Ntvnews.id, Jakarta -Ketua Umum PERHAPI, Sudirman Widhy Hartono, menilai bahwa penanganan tambang ilegal harus dijadikan prioritas nasional dan dilaksanakan secara terencana, sistematis, serta berkelanjutan.
“Tambang ilegal jelas tidak sesuai dengan prinsip good mining practice. Tidak ada kajian teknis, tidak ada pengelolaan lingkungan, dan tidak ada jaminan keselamatan kerja.
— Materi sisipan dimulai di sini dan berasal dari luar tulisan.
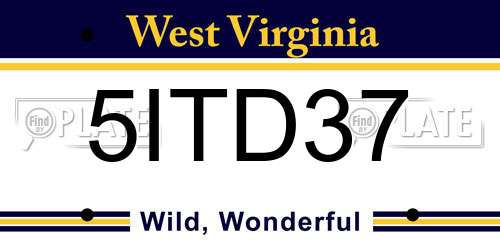 5ITD37 West Virginia License Plate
Dampaknya sangat luas, mulai dari rusaknya lahan, pencemaran air, hingga hilangnya potensi pendapatan negara,” ujar Sudirman.
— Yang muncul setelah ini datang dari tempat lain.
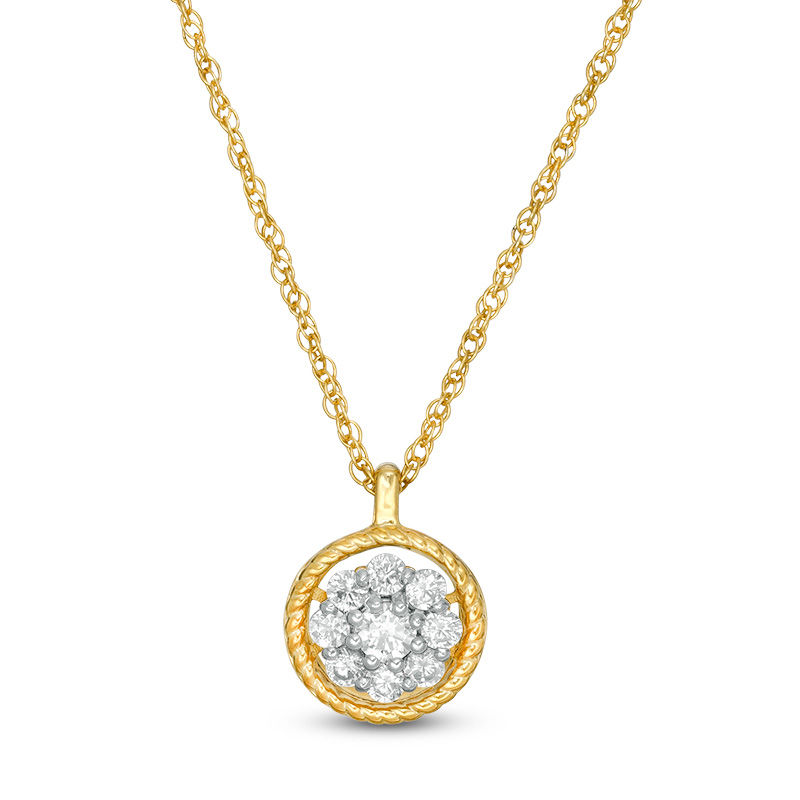 Main Image 1 of 0.29 CT. T.W. Diamond Frame Rope Pendant in 10K Gold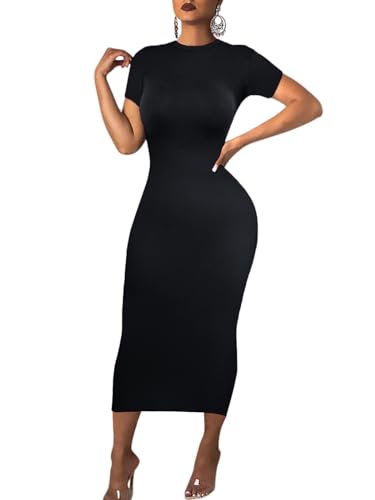 Women's Long Bodycon Dress - Summer Casual Short Sleeve Midi Club Party Fitted Tight Dresses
PERHAPI memberikan apresiasi atas komitmen Presiden Prabowo Subianto, yang secara tegas menyinggung persoalan tambang ilegal dalam Sidang Tahunan MPR pada 15 Agustus 2025.
Salah satu langkah konkret pemerintah adalah dengan membentuk Direktorat Penegakan Hukum (Gakkum) di sektor Energi dan Sumber Daya Mineral (ESDM). Lembaga ini diharapkan dapat meniru efektivitas unit serupa di Kementerian Lingkungan Hidup dan Kehutanan (KLHK) dalam menangani pelanggaran hukum lingkungan.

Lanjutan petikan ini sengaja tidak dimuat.